Effect of Annealing on Anisotropic Tensile Properties of Al–12%Si Alloy Fabricated by Laser Powder Bed Fusion
1
Department of Materials Process Engineering, Graduate School of Engineering, Nagoya University, Furo-cho, Chikusa-ku, Nagoya 464-8603, Japan
2
Aichi Center for Industry and Science Technology, 1267-1 Akiai, Yakusa-cho, Toyota 470-0356, Japan
*
Author to whom correspondence should be addressed.
Crystals 2020, 10(11), 1007; https://doi.org/10.3390/cryst10111007
Received: 30 September 2020 / Revised: 3 November 2020 / Accepted: 4 November 2020 / Published: 5 November 2020
(This article belongs to the Special Issue Additive Manufacturing: Materials, Processing, Characterization and Applications)

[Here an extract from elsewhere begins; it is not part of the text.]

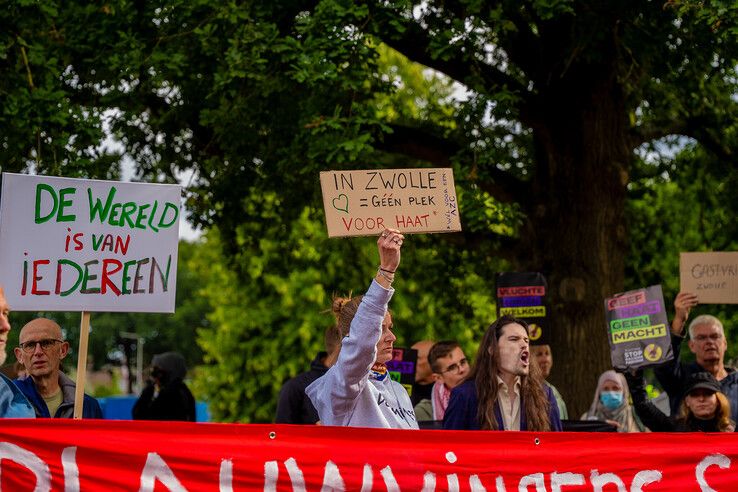 In beeld: Wilders steunt azc-tegenstanders in Zwolle, tegendemonstranten: ‘In Zwolle is geen plek voor haat’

In this study, we systematically investigated microstructures and tensile properties of an Al–12mass%Si alloy additive-manufactured by laser powder bed fusion (LPBF) process and subsequently annealed at various temperatures. Microstructure of the as-fabricated sample was characterized by a number of melt pools consisting of α-Al phases surrounded by Si eutectic phases. Fine Si precipitates were observed in the α-Al phase in the sample annealed at 200 °C. The eutectic Si phase appears to agglutinate, resulting in a coarsened Si phase formed at high temperatures above 300 °C. The initial cellular microstructure completely disappears and a number of coarsened Si phases and plate-shaped intermetallic phases (β-AlFeSi) were formed in the sample annealed at 530 °C. However, the grain morphology of the α-Al matrix slightly changed after the annealing at high temperatures. The as-fabricated specimen showed a high strength above 400 MPa and a low ductility of below 10% in total elongation. The tensile ductility varied depending on the tensile direction. The annealed specimens exhibited a lower tensile strength and larger elongation, whereas the direction dependence of the tensile properties was less pronounced in the specimens annealed at higher temperatures. The anisotropic tensile ductility can be rationalized by preferential fractures occurred around melt pool boundaries.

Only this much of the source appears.